Web page caption snippets
▬▬▬▬▬▬▬▬▬▬

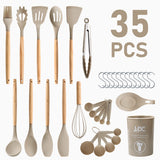 35-Piece Silicone Cooking Utensils Set with Storage Holder | BPA-Free, Dishwasher Safe, Heat Resistant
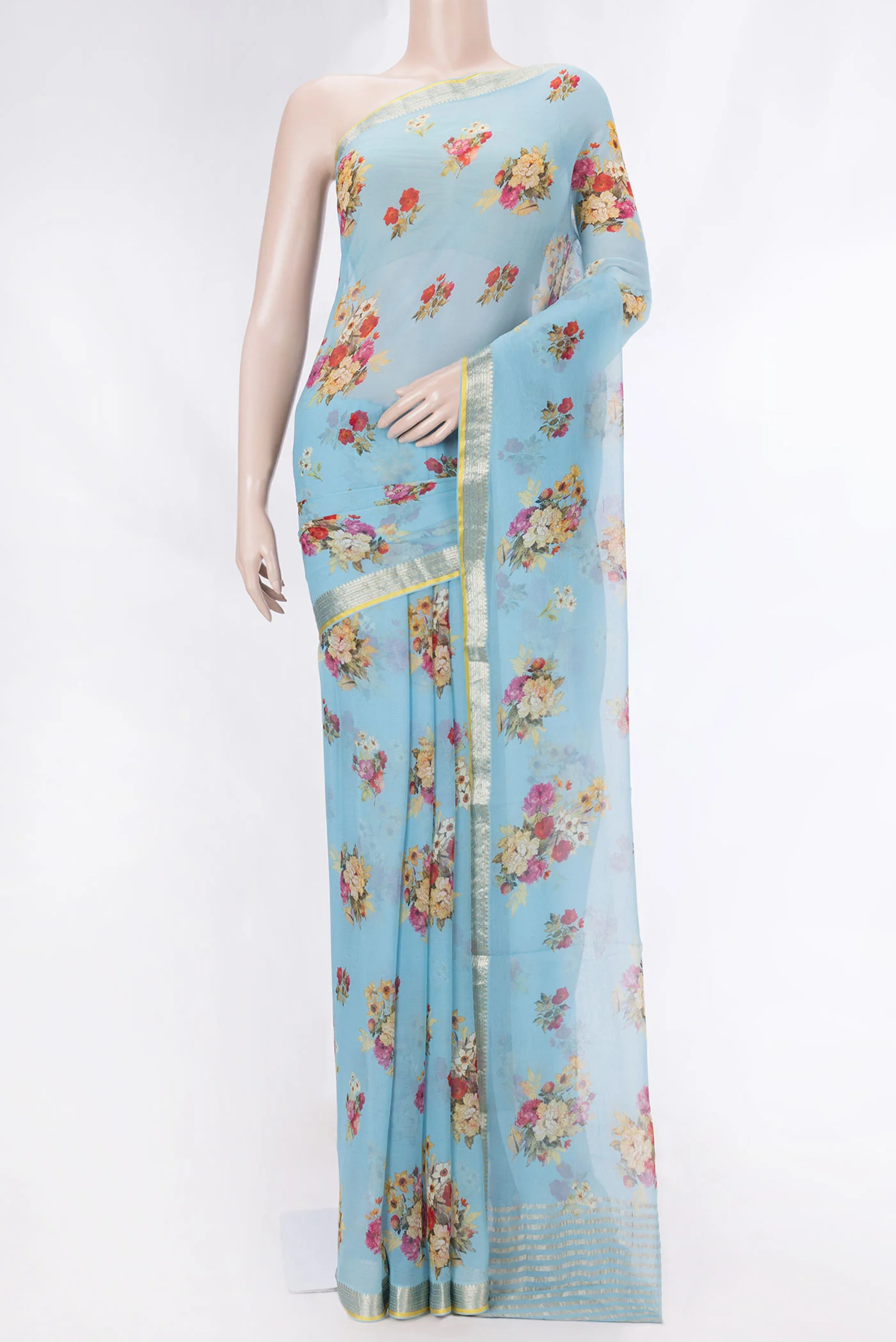 Sky Blue Mysore Chiffon Saree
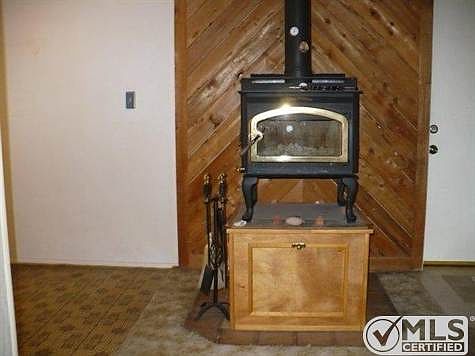 Wood burning stove in living room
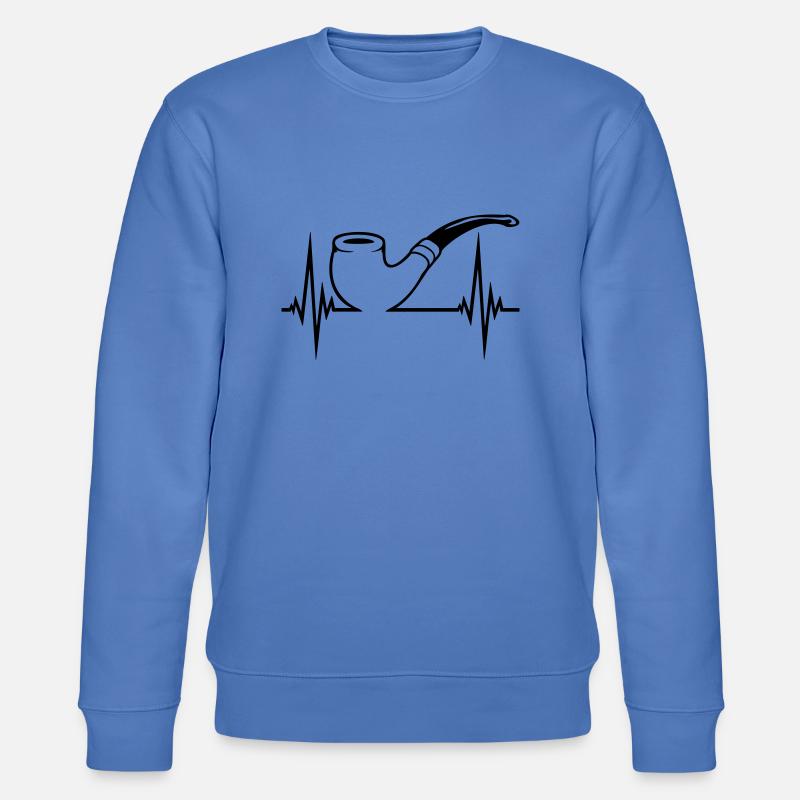 Tabakpfeife Puls Herzschlag - Stanley/Stella Unisex Bio-Sweatshirt CHANGER  - Blau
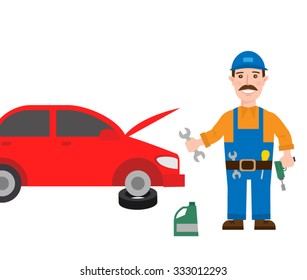 Auto mechanic with spanner and red car on white background. car service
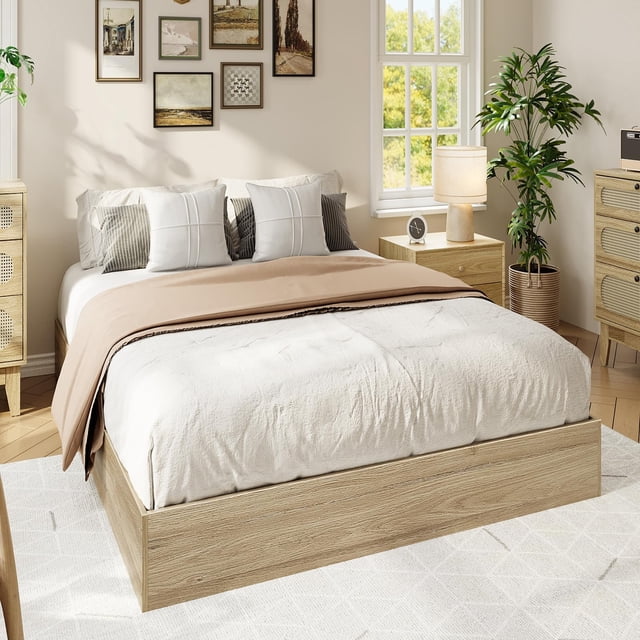 EDTara Wooden Platform Bed Frame, Twin/Full/Queen/King, Sturdy Slats, Simple Floor Bed, No Box Spring Required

▬▬▬▬▬▬▬▬▬▬

Task prompt » Set down nothing but the lines from the one containing "Tabakpfeife Puls Herzschlag" to the final line above, both included, with every picture left out.

Problem solution »
 Tabakpfeife Puls Herzschlag - Stanley/Stella Unisex Bio-Sweatshirt CHANGER  - Blau
 Auto mechanic with spanner and red car on white background. car service
 EDTara Wooden Platform Bed Frame, Twin/Full/Queen/King, Sturdy Slats, Simple Floor Bed, No Box Spring Required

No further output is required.